» **Task instructions**: The listing below is to be written out word for word, minus its images.

» **Data**:
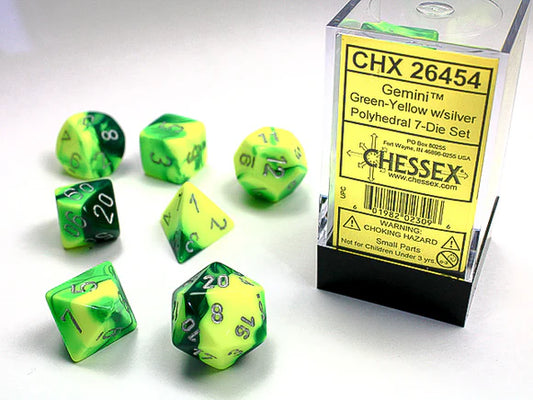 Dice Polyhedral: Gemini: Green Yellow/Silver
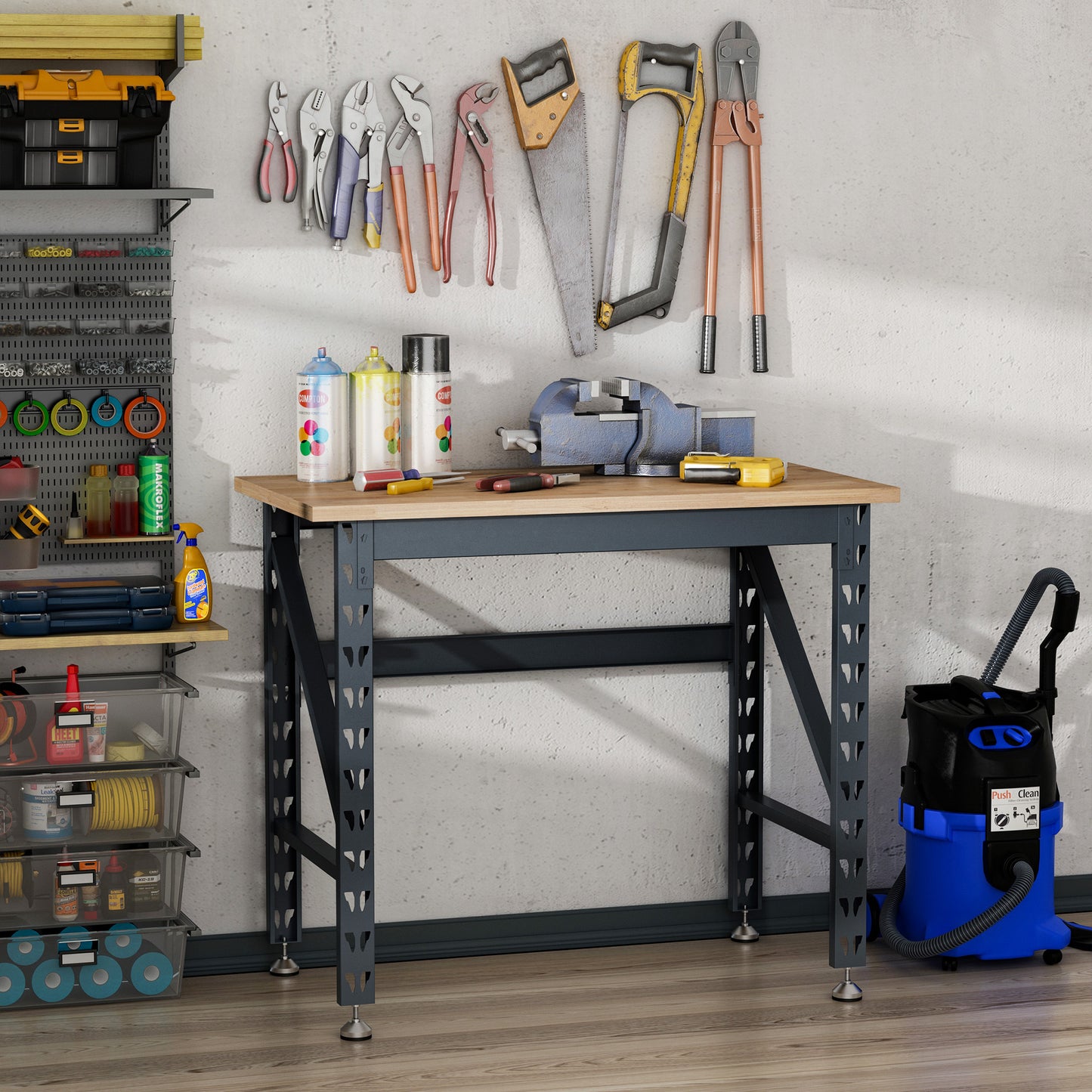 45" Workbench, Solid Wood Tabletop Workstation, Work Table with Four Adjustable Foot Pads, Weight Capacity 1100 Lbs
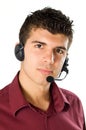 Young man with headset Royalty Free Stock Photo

» **Response area**:
 Dice Polyhedral: Gemini: Green Yellow/Silver
 45" Workbench, Solid Wood Tabletop Workstation, Work Table with Four Adjustable Foot Pads, Weight Capacity 1100 Lbs
 Young man with headset Royalty Free Stock Photo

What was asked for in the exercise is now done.